Pair-density-wave in the strong coupling limit of the Holstein-Hubbard model

A pair-density-wave (PDW) is a superconducting state with an oscillating order parameter. A microscopic mechanism that can give rise to it has been long sought but has not yet been established by any controlled calculation. Here we report a density-matrix renormalization-group (DMRG) study of an effective t-J-V model, which is equivalent to the Holstein-Hubbard model in a strong-coupling limit, on long two-, four-, and six-leg triangular cylinders.

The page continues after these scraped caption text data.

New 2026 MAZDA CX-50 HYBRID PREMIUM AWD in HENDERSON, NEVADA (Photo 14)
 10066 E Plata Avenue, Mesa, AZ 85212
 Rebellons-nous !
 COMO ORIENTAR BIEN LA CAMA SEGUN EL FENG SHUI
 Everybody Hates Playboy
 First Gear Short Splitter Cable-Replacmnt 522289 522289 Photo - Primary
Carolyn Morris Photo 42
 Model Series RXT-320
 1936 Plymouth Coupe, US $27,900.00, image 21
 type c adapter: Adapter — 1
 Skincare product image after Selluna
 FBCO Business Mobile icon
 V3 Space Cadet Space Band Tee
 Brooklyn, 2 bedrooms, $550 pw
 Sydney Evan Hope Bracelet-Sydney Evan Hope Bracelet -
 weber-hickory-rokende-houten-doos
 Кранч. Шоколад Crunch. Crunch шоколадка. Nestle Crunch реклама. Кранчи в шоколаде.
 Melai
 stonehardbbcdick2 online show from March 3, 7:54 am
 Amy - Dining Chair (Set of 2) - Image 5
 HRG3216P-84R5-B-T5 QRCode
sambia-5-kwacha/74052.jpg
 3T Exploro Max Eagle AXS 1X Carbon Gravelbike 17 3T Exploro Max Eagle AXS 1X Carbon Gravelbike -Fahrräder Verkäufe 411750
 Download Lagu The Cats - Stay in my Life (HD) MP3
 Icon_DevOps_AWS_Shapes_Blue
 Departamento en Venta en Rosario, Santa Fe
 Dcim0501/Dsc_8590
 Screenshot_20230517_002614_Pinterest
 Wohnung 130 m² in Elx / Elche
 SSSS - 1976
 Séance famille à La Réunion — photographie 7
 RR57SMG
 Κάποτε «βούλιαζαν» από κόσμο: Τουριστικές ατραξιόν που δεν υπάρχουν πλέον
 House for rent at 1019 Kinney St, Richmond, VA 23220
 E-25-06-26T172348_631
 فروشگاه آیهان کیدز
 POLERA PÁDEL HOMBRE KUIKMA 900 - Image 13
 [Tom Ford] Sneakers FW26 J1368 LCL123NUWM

While a state with long-range PDW order is precluded in one dimension, we find strong quasi-long-range PDW order with a divergent PDW susceptibility as well as the spontaneous breaking of time-reversal and inversion symmetries. Despite the strong interactions, the underlying Fermi surfaces and electron pockets around the K and K' points in the Brillouin zone can be identified. We conclude that the state is valley-polarized and that the PDW arises from intra-pocket pairing with an incommensurate center of mass momentum. In the two-leg case, the exponential decay of spin correlations and the measured central charge c approximate to 1 are consistent with an unusual realization of a Luther-Emery liquid.

Automated summary

In this study, a density-matrix renormalization-group study was conducted on PDW superconducting states on long triangular cylinders, revealing strong quasi-long-range PDW order, divergent PDW susceptibility, and the spontaneous breaking of time-reversal and inversion symmetries. The state was identified as valley-polarized and the PDW was found to arise from intra-pocket pairing with an incommensurate center of mass momentum. This study also observed an unusual realization of a Luther-Emery liquid in the two-leg case.